Importing and merging csv files

jonathanco · July 28, 2016, 2:08am

Hi,

This is very much a beginner's question.

I have a history of transactions for large number of properties that I want to prepare for analysis. The transactions are in a file which I have/can setup to also import into a database table. The support data is also in files (CSV) but could also be put into database tables.

Questions are:

I need to merge some additional data that is in CSV files, looking up by ID - this would just effectively add columns from one file to the master table to perform a simple join - the example is taking a property transaction and then adding some additional type classification by looking up that transaction in a seperate file/table - is the join table node the best to use for this?
I then need to 'flag' some records - we are looking up whether a property transaction is of a type that is listed in a seperate file/table - in this case a list of transaction types that are considered distinct types for review - I think the right way to do this is with an outer join to add the flag?
I also then need to match to one last data set which links the transaction to a client record - getting the correct client record requires looking at the transaction date and then searching for the correct client record in a file that has the client ID with a start date and end date for each property. I am really not sure of the best way to go about this:
1. Should I take the joined table and loop over it with the 'Table Row to Variable Loop Start'?
2. If so then what would be the best approach or nodes to use to take each row, pick out the ID and date to use for a look up and then take that and query the client dataset?
3. Or, is it better and more stratightfoward to push client data and the joined table into a database and then write a view or stored procedure that handles this search and combine for me?

Many thanks in advance,

Jonathan

marco_ghislanzoni · July 29, 2016, 12:20pm

Hi Jonathan,

most of the tasks you describe can be accomplished with the Joiner node and with the Rule Engine node (like flagging records depending on certain conditions).

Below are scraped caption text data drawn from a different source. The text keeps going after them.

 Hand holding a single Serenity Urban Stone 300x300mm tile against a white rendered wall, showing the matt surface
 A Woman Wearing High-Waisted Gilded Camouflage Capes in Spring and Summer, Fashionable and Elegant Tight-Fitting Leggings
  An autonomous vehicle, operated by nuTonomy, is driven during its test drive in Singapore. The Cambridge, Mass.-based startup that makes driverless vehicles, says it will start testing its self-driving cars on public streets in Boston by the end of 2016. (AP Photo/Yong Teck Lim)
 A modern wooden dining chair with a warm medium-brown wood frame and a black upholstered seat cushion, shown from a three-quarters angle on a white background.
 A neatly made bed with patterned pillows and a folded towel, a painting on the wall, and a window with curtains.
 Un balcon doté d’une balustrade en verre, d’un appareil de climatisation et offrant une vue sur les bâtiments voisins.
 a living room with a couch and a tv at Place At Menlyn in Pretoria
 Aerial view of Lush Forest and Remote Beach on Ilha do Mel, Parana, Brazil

If your data are in a database, you can access it from KNIME and use the Database Joiner node to perform similar operations.

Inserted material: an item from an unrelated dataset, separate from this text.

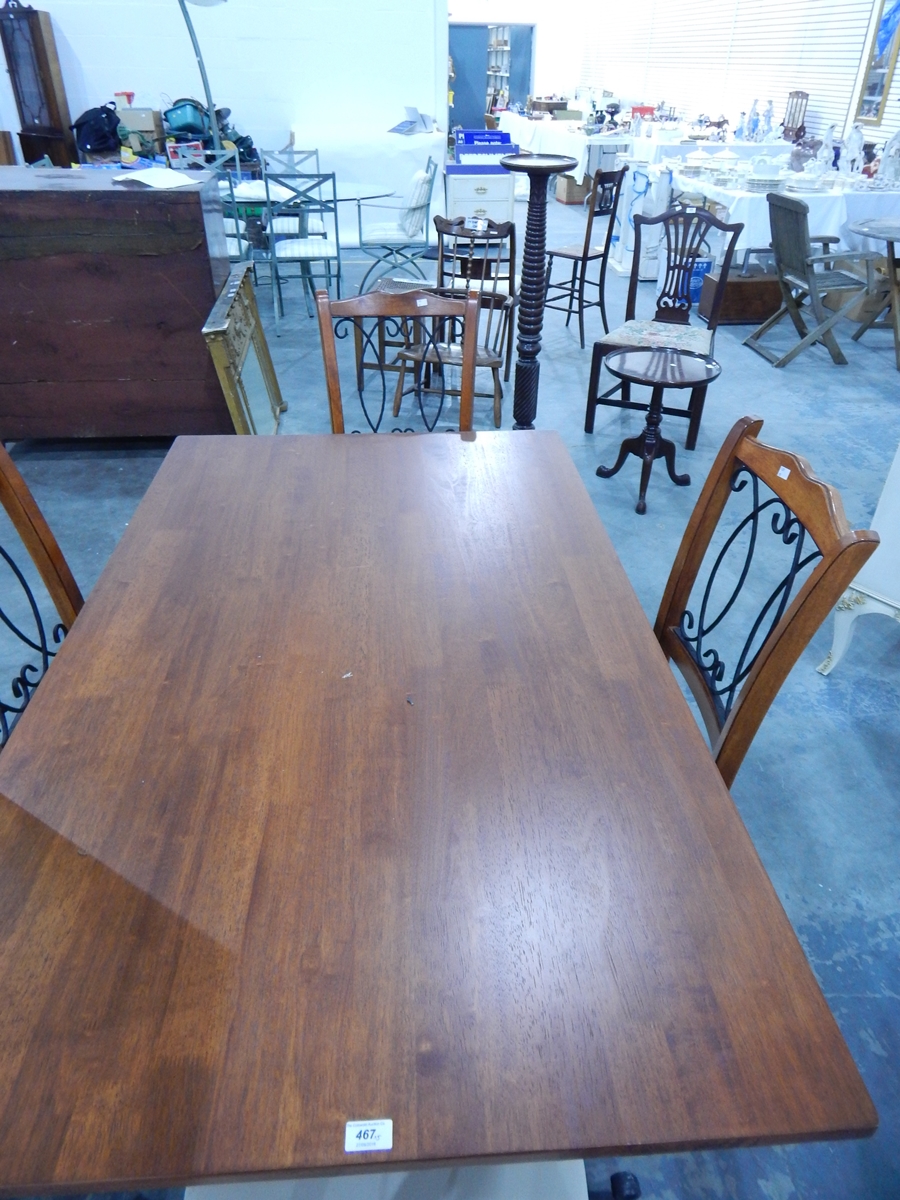 A modern teak finish dining table with metal under-frame and a set of four dining chairs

Instead of coming up with complex rules, you can often simplify your workflow by adding working columns (e.g. date ranges, number of days, etc.) which can be removed when you no longer need them.

It is difficult to be more specific without knowing your data structure, size and quality (i.e. are there missing values? Are the matches going to be exact ones or do you need fuzzy matching? Will you be working on few hundred lines or millions?)

Hope this helps anyway. Feel free to give it a try and post a follow-up for additional help.

Cheers,
Marco.

peter_miller · December 15, 2016, 12:06pm

Hi,

for me, i merge CSV before i import using merge csv files.